The NCAA board of directors tried to send a message last month to the enforcement staff that they should investigate NIL deals that they suspect run afoul of recruiting rules with boosters providing inducements to recruits.

“I think we’re at a critical juncture if we’re going to preserve what we all believe should be a collegiate model,” Georgia president Jere Morehead said.

Choosing a school based on “the highest bidder,” he said puts collegiate athletics in jeopardy.

NIL, he said, was intended for current players.

That’s along the lines of what current Georgia players will do when six from the team including tight end Brock Bowers, outside linebacker Nolan Smith and quarterback Gunner Stockton will be at an event at Kennesaw Mountain High School Saturday. They will hold a three-hour camp for $75 a participant including a player autograph. Or fans can take part at a postcamp photo and autograph signing with each player for $30.

When quarterback Spencer Rattler transferred from Oklahoma to South Carolina, coach Shane Beamer said he sold everything about the school, but had “zero,” conversation about NIL with Rattler and his father.

“He’s worked out some deals,” Beamer said. “On the front end, nothing.”

Conversations about NIL came up one or two times last June Beamer said.

“Now it’s a question that gets brought up more often than before,” Beamer said.

Players now have agents which Kelly said makes it a “competitive marketplace,” and means more transparency is needed within conferences. Alabama athletic director Greg Byrne said people around players tell them to talk to their coach saying “’This school is offering me this, what are you going to do?’ You have no way of verifying that.”

At Big Ten power Ohio State, coach Ryan Day told local business people last week that  about $13 million was needed to keep the Buckeyes' roster together ibeyond next season including $2 million for a top quarterback or players could transfer elsewhere for better deals, according to the Columbus Dispatch.

Napier noted how the SEC’s revenue distribution has exploded. Schools received $1.35 million in 1990 and received $54.6 million this year.

“It’s foolish to say the players don’t deserve a piece of the pie,” Napier said. “If there’s no players in the stadium, nobody’s showing up to watch and they’re certainly not watching on TV.”

Smart said NIL is good for the best players and those who are the most marketable.

“What it’s become is probably not sustainable and probably not good for college football,” Smart said. “The fix is how do we get it where it’s good for both.”

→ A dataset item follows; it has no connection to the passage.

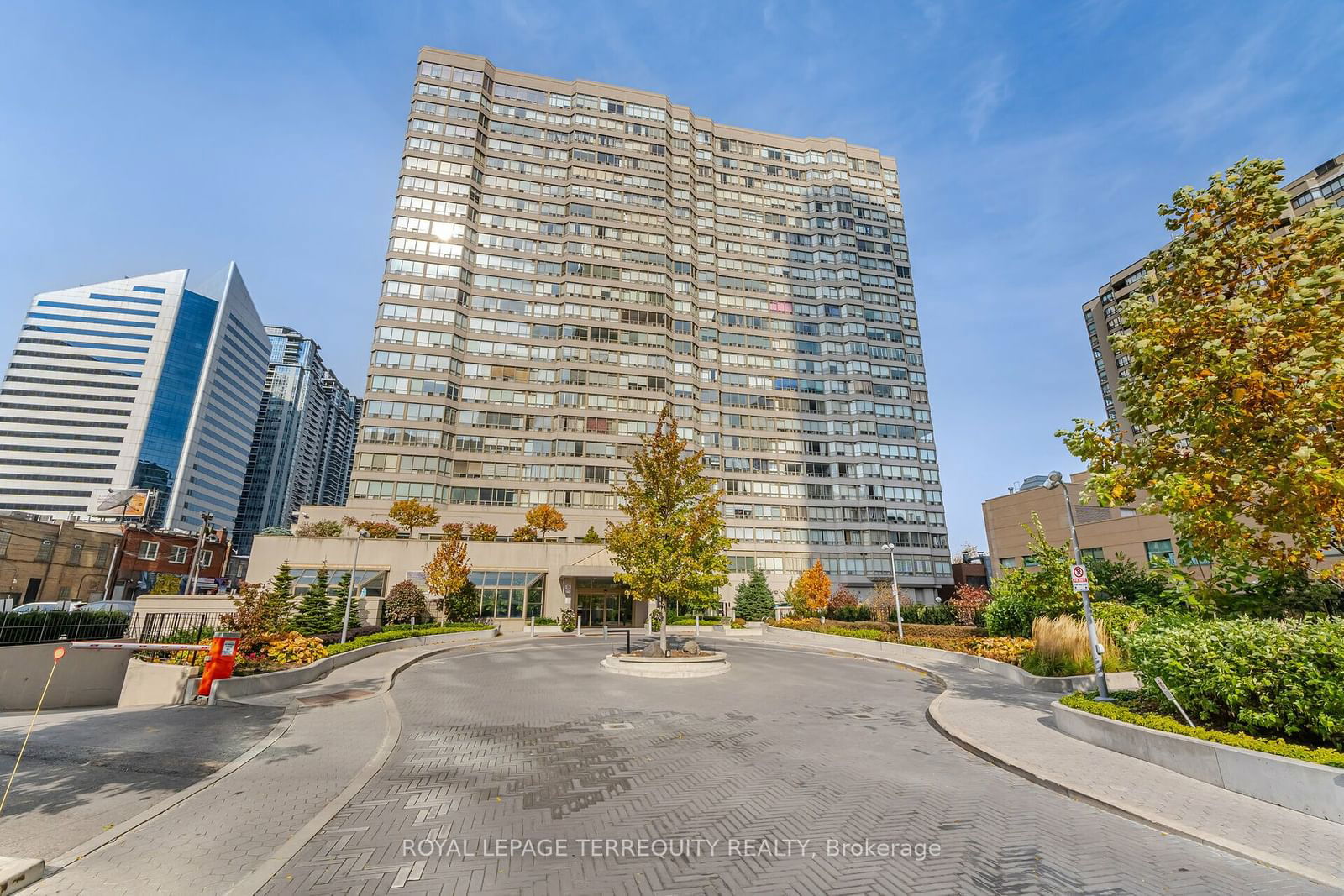 Rodeo Walk Condos, North York, Toronto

Sankey visited with lawmakers on Capitol Hill along with Pac-12 commissioner George Kliavkoff, but college athletic leaders have been waiting for a year for legislators to act already.

Byrne said finding a solution for the issues in NIL aren’t easy, especially with the possibility of litigation.

“I don’t know at this point whether it can be solved in a few days in Destin,” he said. “There’s a lot of moving parts that we have to be very respectful of that you don’t end up getting more litigation added to it because of a rash, quick decision.”

Stricklin said the transformation committee looks like it will push decision-making down to the conference level.

“You’re going to see the stronger conferences continue to get stronger and stronger,” he said. “We’re going to have some autonomy to make some decisions.

How that will affect benefits including NIL remains to be seen.

“Maybe each conference comes up with what they’re going to do from a benefits standpoint,” he said. “It might look different from one conference to the next just like states are making their own rules. …Those are things we’ll have to roll up our sleeves and figure out.”